▸ WORK REQUIRED: All of the data that follows should be retyped exactly, please, except the pictures.

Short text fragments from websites
────────

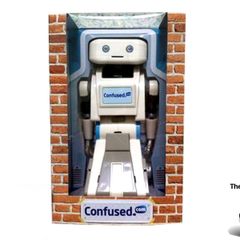 Brian The Robot Toy From Confused.com Collectable Brand New in Box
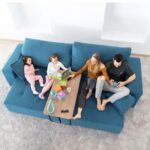 Paradis sofa from fama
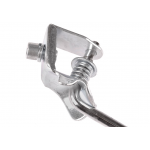 Stojan na bicykel 24" Pozinkovaný na stred strieborný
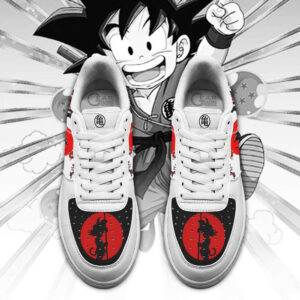 Goku Air Shoes Custom Japan Style Dragon Ball Anime Sneakers 5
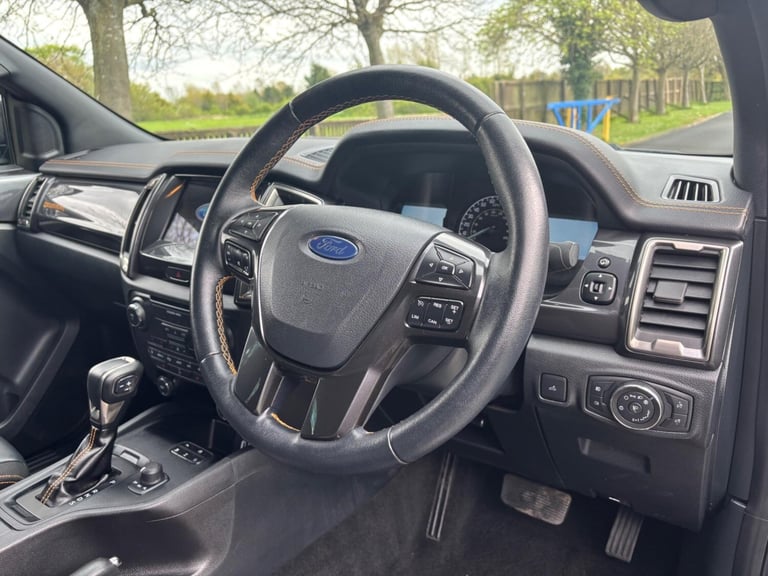 2021 Ford Ranger 2.0 EcoBlue Wildtrak Auto 4WD Euro 6 (s/s) 4dr PICK UP Diesel Automatic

────────

▸ YOUR RESPONSE:
 Brian The Robot Toy From Confused.com Collectable Brand New in Box
 Paradis sofa from fama
 Stojan na bicykel 24" Pozinkovaný na stred strieborný
 Goku Air Shoes Custom Japan Style Dragon Ball Anime Sneakers 5
 2021 Ford Ranger 2.0 EcoBlue Wildtrak Auto 4WD Euro 6 (s/s) 4dr PICK UP Diesel Automatic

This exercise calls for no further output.